The categorical data was summarized by frequency and percentage, while the continuous data was summarized by mean ± standard deviation. The Chi-square (χ2) test and t-test were used to compare the differences between the case and control groups. Logistic regression models were constructed to estimate the odds ratio (OR) and 95% confidence interval (CI) for the effect of life events during pregnancy on CHD in offspring by not adjusting or adjusting for covariates. The adjusted covariates were 9 confounding factors as described above. Since both positive and negative life events occurred at the same time, we put them together in models for synchronous analysis. They were analyzed as both continuous variables and categorical variables classified by occurrence. For the latter, we also categorized them according to the frequency to explore the dose-response association. Moreover, based on the synthetical occurrence of positive and negative events, we created a new integrated variable, including four groups ─ “neither positive nor negative events group (P0N0)”, “only negative events group (P0N1)”, “only positive events group (P1N0)”, and “both of positive and negative events group (P1N1)”. Taking the P0N0 group as a reference, we calculated OR values of the other three groups. By comparing the OR values of the P0N1 and P1N1 groups, we aimed to explore the modifying effect of positive events under the circumstances that negative events occurred. In addition, subgroup analysis was employed to assess the consistency of the association across different categories of 8 selected covariates by DAG, and the remaining covariates were adjusted by multivariate logistic regression to estimate OR values of association between occurrence of life events (reference to non-occurrence) and CHD among each subgroup. Considering the smaller sample size for the family history of CHD group, we did not conduct subgroup analysis for this covariate. P < 0.05 was regarded as a statistical significance. SPSS version 22.0 (IBM SPSS Statistics, Chicago, IL, USA) was used for data analysis and R version 3.5.3 (R Development Core Team, Vienna, Austria) software was used to make plots.

Results

Characteristics of participants

A total of 2280 subjects were included in this study, 699 in the case group and 1581 in the control group (Fig. 1). Table 1 showed the characteristics of pregnant women between the case and control groups. The differences between the two groups were statistically significant in maternal age, education, residence, history of parturition, infection during periconception and abnormal prenatal examination, while there was no significant difference in history of abortion.

Fig. 1
figure1

Flow chart of study participants

Table 1 The characteristics of pregnant women between case and control group

Association between maternal life events and CHD in offspring

As described in Table 2, the average number of positive life events in the case group was 0.30 ± 0.63, while 0.58 ± 0.79 in the control group; the average number of negative life events in the case group was 1.12 ± 2.06, while 0.72 ± 1.46 in the control group. After adjusting for the confounders, the risk of CHD in the offspring could be reduced by 48% (OR adj = 0.52, 95%CI: 0.44 ~ 0.62) for each additional positive life event during pregnancy, while each additional negative life event occurring in pregnant women could make the risk of their offspring increase by 20% (OR adj = 1.20, 95%CI: 1.13 ~ 1.28).
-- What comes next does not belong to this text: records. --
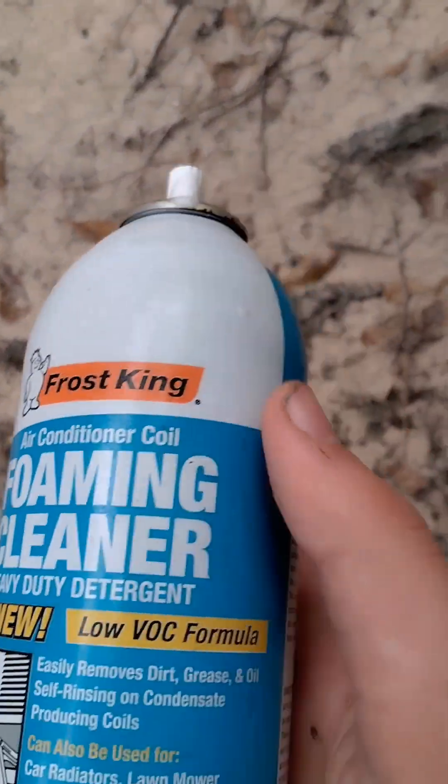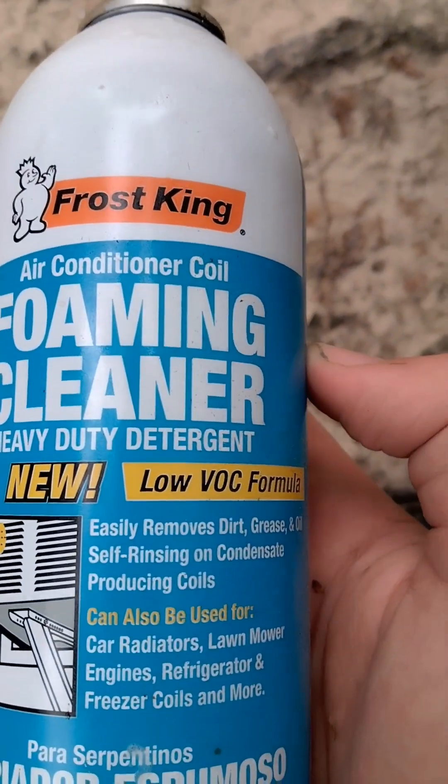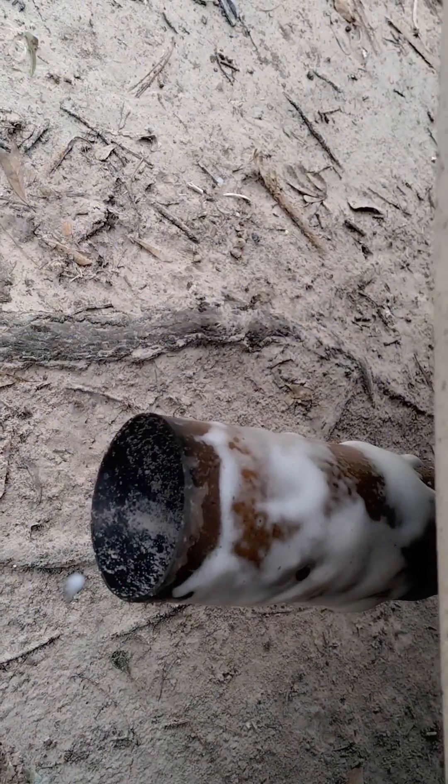Hello everyone, welcome back to my channel. Right now I'm going to be cleaning rust off this tailpipe with some foaming cleaner. As you can see, it's very weird looking under there. I gotta let it sit for five minutes for it to apparently clean it, so I'm just going to darken out the camera and speak to y'all for a little bit. I'm waiting and I think it might actually work, but if it doesn't, that'll be fine because I have something else in store too.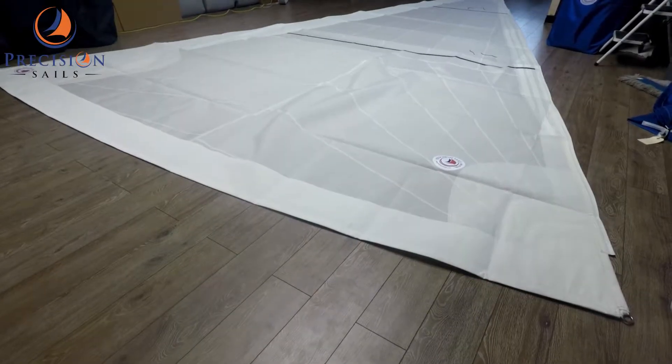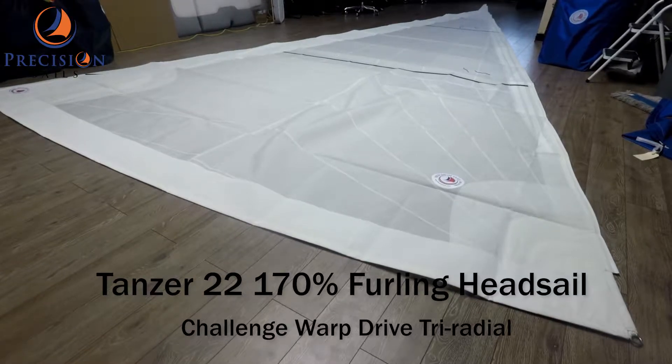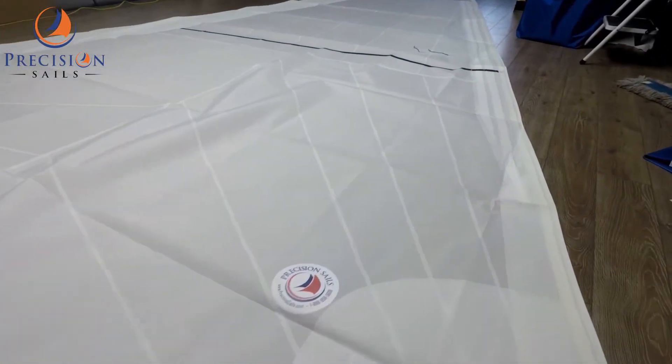Hey everybody, today we are going to be looking at a 170% furling headsail for a Tanzer 22. This tri-radial sail has been made with Challenge sailcloth's Warp Drive.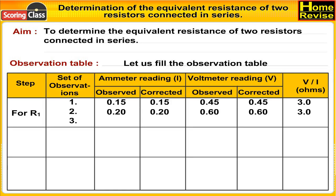For R1, third set of observations: ammeter reading observed is 0.26 A, ammeter reading corrected is 0.26 A, voltmeter reading observed is 0.80 V, voltmeter reading corrected is 0.80 V. Therefore V upon I is 3.02 ohms.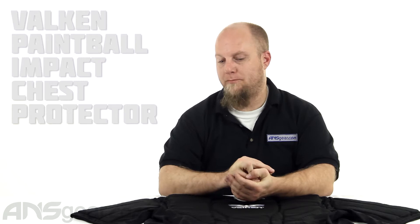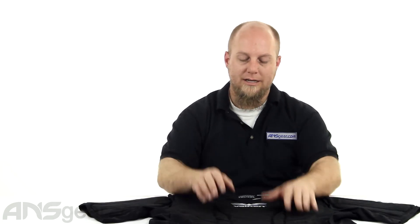Hey everybody, it's Rory from ANS Gear. We have a Valken Impact Chest Protector to look at today. This one right here, size-wise, is the 2X, 3X, so it's gigantic on the table here. If you're thinking that looks like a huge chest protector — it is a big chest protector. It's the 2X, 3X from Valken.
Table 2 The association between maternal life events and CHD in offspring

According to the occurrence of life events, we analyzed them as binary variables. Among all participants, 852 pregnant women had ever experienced positive life events during pregnancy, 160 in the case group (22.89%) and 692 in the control group (43.77%); 849 pregnant women had experienced negative life events, 297 in the case group (42.49%) and 552 in the control group (34.91%). Both differences between the two groups had statistical significance. With confounders adjusted, the pregnant women with positive events experienced had a 62% lower risk of CHD in their offspring than those without (OR adj = 0.38, 95%CI: 0.30 ~ 0.48). The pregnant women with negative events exposed were 1.62 times more likely to have CHD in their offspring than those without (OR adj = 1.62, 95%CI:1.29 ~ 2.03).
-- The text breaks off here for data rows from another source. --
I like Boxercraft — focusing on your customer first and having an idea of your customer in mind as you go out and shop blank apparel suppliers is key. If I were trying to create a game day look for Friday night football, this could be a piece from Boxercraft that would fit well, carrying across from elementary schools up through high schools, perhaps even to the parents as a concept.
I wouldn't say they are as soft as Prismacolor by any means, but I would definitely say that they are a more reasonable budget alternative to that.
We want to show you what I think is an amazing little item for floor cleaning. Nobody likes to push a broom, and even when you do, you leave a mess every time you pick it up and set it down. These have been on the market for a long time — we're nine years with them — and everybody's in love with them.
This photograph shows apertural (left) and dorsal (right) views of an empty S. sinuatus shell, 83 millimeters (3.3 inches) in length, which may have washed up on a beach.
Dose-response association between frequency of life events and CHD in offspring

According to the frequency of life events, we investigated the dose-response association between them and CHD in offspring. As shown in Table 3, a trend of dose-response association was observed (p trend < 0.001). For positive events, the odds of CHD in offspring decreased with the increase of event frequency. In contrast with those who had not experienced positive events, those experiencing one event had 63% lower odds, and those experiencing two or more events had 66% lower odds (OR1adj = 0.37, 95%CI: 0.28 ~ 0.48; OR2adj = 0.34, 95%CI: 0.21 ~ 0.53). For negative life events, the risk increased along with the accumulation of frequency. After adjusting for the confounders, the odds of CHD in offspring increased 1.40 times for the pregnant women experiencing 1 ~ 2 negative events (OR1adj = 1.40, 95%CI: 1.09 ~ 1.79), 2.08 times for those with 3 ~ 4 events (OR2adj = 2.08, 95%CI: 1.34 ~ 3.25) and 3.15 times for those with 5 or more events (OR3adj = 3.15, 95%CI: 1.82 ~ 5.43) respectively, in comparison with those without negative events.

Table 3 The dose-response association between frequency of life events and CHD in offspring

Modification effect of positive life events on CHD in offspring

Further, we divided the variable into four integrated groups to explore modification of positive events: P0N0, P0N1, P1N1 and P1N0. Compared with the P0N0 group, the odds of CHD in the P0N1 group increased by 38% (OR adj = 1.38, 95%CI: 1.05 ~ 1.82), while that in the P1N1 group decreased by 33% (OR adj = 0.67, 95%CI: 0.49 ~ 0.91) (Table 4). It indicated that positive events could weaken or even modify the risk impact of negative events on CHD in offspring.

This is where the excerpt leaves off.